Mit dem ‚(be aware) der designpreis für inklusion 2021‘ lobte der design inclusion e.V. erstmalig einen bundesweiten Wettbewerb aus, der Designkonzepte von herausragender entwerferischer Qualität aus den Bereichen Industrie, Investition, Konsum, Infrastruktur und Mobilität mit einem inklusiven Ansatz in Entwicklung und Anwendung auszeichnet. Gesucht wurden Projekte, die reale Bedarfe decken und starke Lösungsansätze besitzen. Mit der Auszeichnung sollen innovative Ideen für Funktionalität und Nachhaltigkeit mit einer hohen sozialen Reichweite und inklusiven Wirkung gewürdigt sowie die Nachwuchsdesigner:innen gefördert und sensibilisiert werden. Idealerweise stellen die Entwürfe und Konzepte konkrete Anwendungsbezüge gemäß des Inclusive Design Ansatzes her. Beim (be aware) 2021 wurden Arbeiten von Studierenden aus 22 Hochschulen eingereicht.
Dank der Unterstützung von privaten Stifterinnen und Stiftern konnten insgesamt 10.000 € Preisgeld vergeben werden. Der Vorstand und die Jury haben gemeinsam entschieden, das Preisgeld aufzuteilen, um das Engagement und die wertvollen Beiträge der Nominierten zum Thema Inklusion im Design zu würdigen. Somit erhielten alle nominierten Projekte 500 € und das Siegerprojekt durfte sich über 5.000 € freuen.

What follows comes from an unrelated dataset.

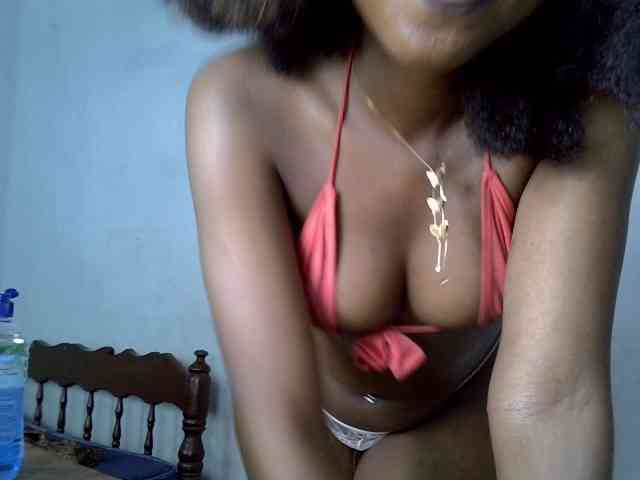 SpicyMackenzie1 webcam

„Wir freuen uns, mit der erstmaligen Verleihung einen erfolgreichen Start für diesen Award und unser Anliegen des Inclusive Design umgesetzt zu haben. Es ist uns gelungen, mit Unterstützung der Samson AG und der Wöhner GmbH sowie privaten Stifterinnen und Stiftern einen für Studierende attraktiven und anspruchsvollen Wettbewerb zu initiieren. Die 64 eingereichten Arbeiten zeigen eindrucksvoll, welche Ideen und Produkte es gibt, um Menschen mit Einschränkungen einen besseren Zugang zur Lebenswelt zu schaffen.“
In der Jurysitzung kam es zu einem regen Austausch über die sehr unterschiedlichen Projekte der Nominierten. Die vielfältigen Ansichten und verschiedenen Erfahrungen wurden eingehend diskutiert. Zum Schluss kam die Jury zu einer konsensualen Entscheidung mit einer qualifizierten Auswahl. Wir bedanken uns für die großartige ehrenamtliche Tätigkeit!

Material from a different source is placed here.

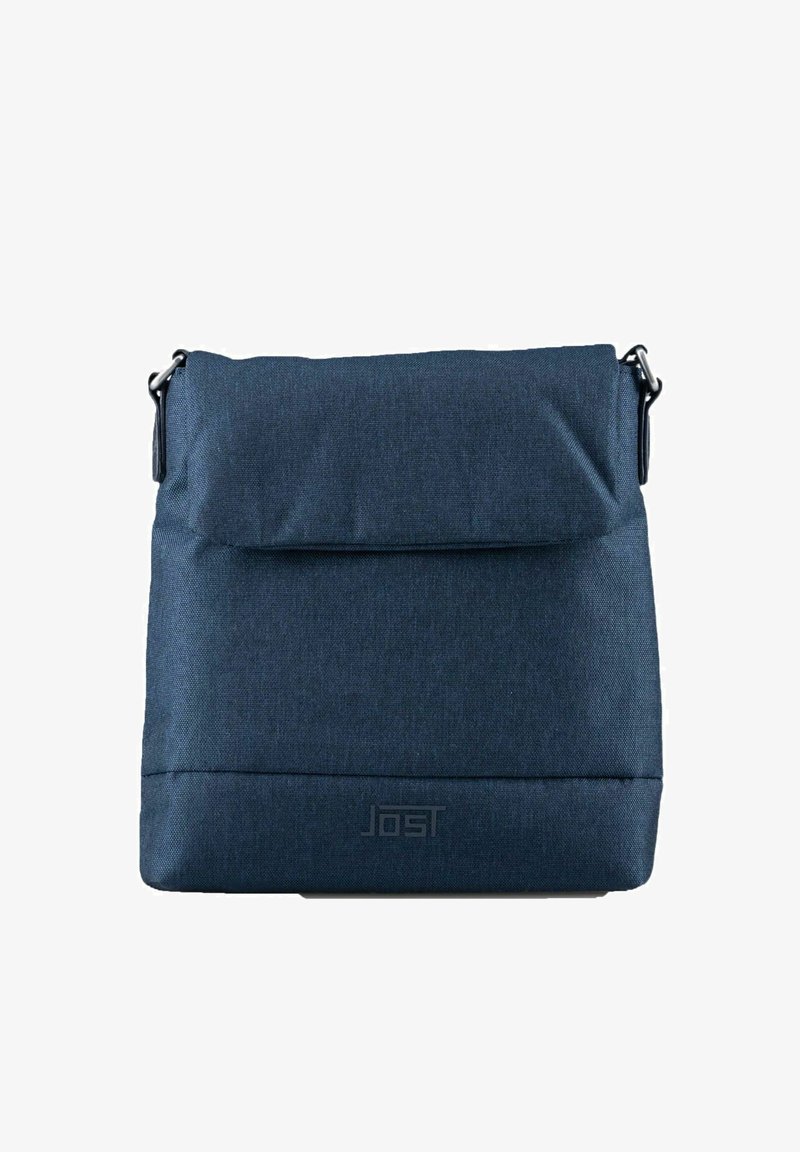 Sac messager en tissu bleu marine avec rabat pliant, sangle réglable et logo embossé sur le devant. Design simple et rectangulaire.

Modedesignerin, Gründerin und CEO von „AUF AUGENHOEHE“
“Ich lebe für Kommunikation und sehe mein Unternehmen als Community. Dort halte ich jeden Tag den Spagat zwischen Wirtschaftlichkeit und unserer Unternehmensphilosophie. Am meisten begeistert mich aber die Möglichkeit, mich für etwas einsetzen zu können, dass die Welt offener und inklusiver macht.“
Schauspieler, Autor und ehemaliger Kunstturner
„Es ist erstaunlich, was Menschen heutzutage (er)schaffen können! Jedoch wird Technik und Optik bei Hilfsmitteln und Produkten für die Teilhabe von Menschen bisher zu wenig in Einklang gebracht. – Unsere Augen sind für Schönes geschaffen!“
Professorin für Digital Design, Fachbereich Design, HfG Offenbach
„Design hat die Verantwortung, die Vielfalt der Menschen und der Menschlichkeit zu berücksichtigen. Zu integrieren bedeutet, das Spezielle zu erkennen, um es als wertvollen Teil der friedlichen und humanen Kooperation zu verstehen und zu fördern.“
Industrie-Designer, Trainer, Berater und Vermittler in Kultur- und Bildungskontexten
„Wir dürfen nicht unsere eigenen Fähigkeiten und Lebensumstände als Norm begreifen und zum Ausgangspunkt für das Design machen, sondern wir müssen die Perspektiven aller mitdenken und deren Positionen in den Prozess einbeziehen. Nur so wird Inklusion überhaupt erst möglich und kann so zu einer neuen Norm führen.“
Studiengangsleitung für Interior Design, AMD Akademie Mode & Design Wiesbaden
„Der Design-Inclusion-Ansatz macht deutlich, dass wir vielen nicht gerecht werden, wenn wir im Gestaltungsprozess in erster Linie die Bedürfnisse der Mehrheit adressieren.“
German Design Award Newcomer 2021
„Gutes Design ist divers! Inclusive Design revolutioniert unsere Sichtweise in der Gestaltung. Keine Sonderlösungen, keine Umwege, sondern Innovationen für alle die ohne Kompromisse genutzt werden können.“
„Es war für uns sehr interessant, die Bereiche Design und Inklusion jeweils in ihrer Qualität zu diskutieren und zu überlegen, welches Projekt Vorteile in verschiedenen Bereichen bringt. Wir haben uns immer überlegt, ob zum Beispiel eine neue Technologie auch neue Barrieren schafft oder ob sie für eine große Menge an Menschen eine Verbesserung im Alltag bringt, also eine bessere Lösungsqualität besitzt und damit mehr Inklusion erreicht.“
Moritz Hartstang und Tara Monheim
Hochschule für Gestaltung Schwäbisch Gmünd
Das Projekt ‚LEIPS – Inklusion und Kommunikation‘ erhielt in Anwesenheit des Oberbürgermeisters der Stadt Offenbach Dr. Schwenke den nationalen Designpreis (be aware) 2021.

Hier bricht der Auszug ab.